Health Department offers grants to improve workplace wellness

BURLINGTON — Employers looking to create or improve a workplace wellness program can apply for a financial boost from the Vermont Department of Health.
The Health Department is offering grants of $3,000 to six worksites around the state to build sustainable wellness programs that focus on increasing physical activity and healthy eating opportunities for employees. The grants are supported through the department’s local health offices. Because of limited funding, the department alternates which areas of the state are eligible for a grant each year. This year, worksites with between five to 100 employees in the local health service areas of Bennington, Brattleboro, Burlington, Middlebury, Morrisville and Newport are eligible to apply. The other regions were eligible in 2016.
The Working Toward Wellness grants provide businesses with funding and technical assistance to design a wellness program that fits the scale and culture of their organization. The programs would support activities that promote employee physical activity and healthy eating, such as bike share programs, active workstations and installation of water stations.

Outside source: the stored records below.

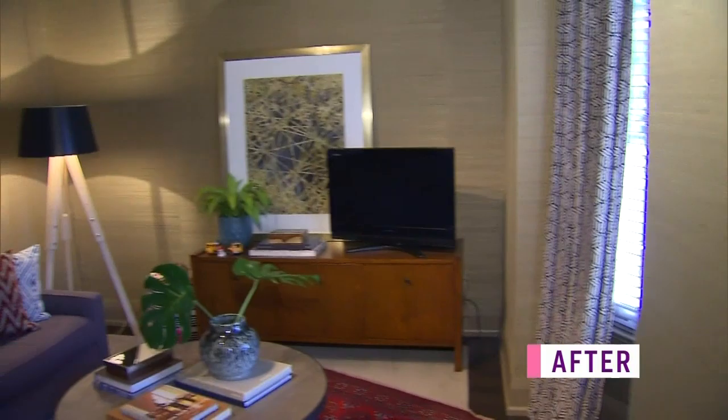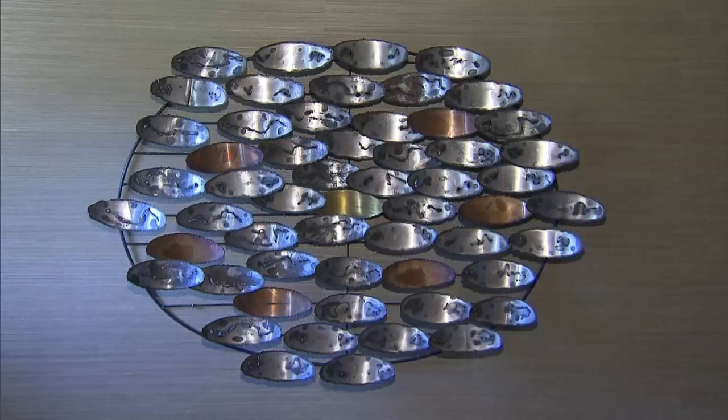A room doesn't have to be used for its intended purpose. Antonio Belushi wanted a family room upstairs, so he transformed a spare bedroom to suit his needs. He converted an extra bedroom into a second floor family room, removing the closet but keeping the door in the event he needed to turn it back to a bedroom or a guest suite.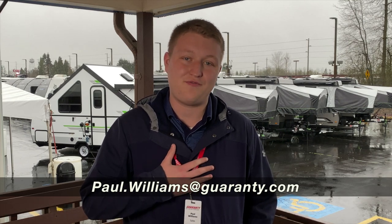Thanks for taking a minute there guys. My name is Paul with Guaranty RV. Give me a call at 541-510-3584. I would love to hear from you and show you this unit or any other. Have a great rest of your day.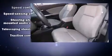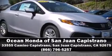Brake Assist technology provides extra pressure when applying the brakes. Please don't hesitate to give us a call.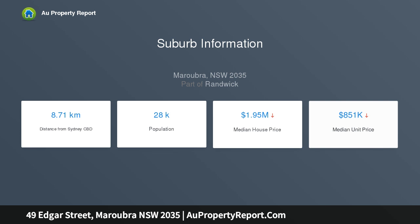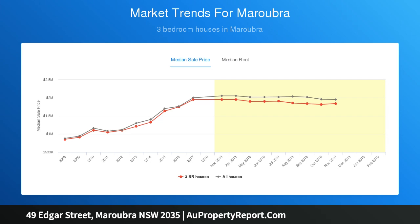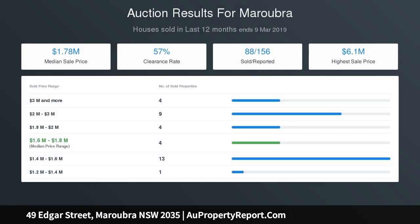Excellent entry point to a highly coveted pocket of Maroubra. Solid double brick design, comfortable single level floor plan. Generous living area opens to an adjoining north-facing sunroom. Expansive, perfectly level yard provides an ideal kids' play area. Two bedrooms, original bathroom, and spacious dining.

Over the past three years, the department awarded $60,000 in wellness grants to 20 worksites across Vermont.
Employers can apply for a grant and find a full program description and submission requirements at www.vermontbidsystem.com/BidPreview.aspx?BidID=22832. The deadline to apply is August 15, 2017.
The grants are funded by the Centers for Disease Control and Prevention program State Public Health Action to Prevent and Control Diabetes, Heart Disease, Obesity and Associated Risk Factors and Promote School Health. This national effort focuses on chronic disease prevention by promoting healthy environments in workplaces, schools, early childhood education facilities, and in the community. In Vermont, more than 60 percent of adults employed outside the home are either overweight or obese, and more than half have at least one chronic condition.
“When you think about how much of our lives are spent in the workplace, it becomes an opportunity to improve our health and wellbeing,” said Julie Arel, the Health Department’s director of Health Promotion and Disease Prevention. “When workplace culture and policies promote employee health — such as encouraging physical activity like “walking meetings” and offering smart food choices — there is a huge return on investment for both individuals and the company,” Arel explained.
Arel said that not only do small lifestyle changes in the workplace help improve employee health, but they also make good business sense. “The data shows that worksites with sustained wellness programs see significant benefits to their bottom line.” According to the CDC, lost productivity due to absenteeism costs employers an estimated $1,685 per employee. And costs due to employees who are at work but not able to perform fully because of sickness or stress, are even higher.
In addition to funding, Health Department staff will work throughout the year with grantees to develop, implement and evaluate a sustainable worksite wellness program.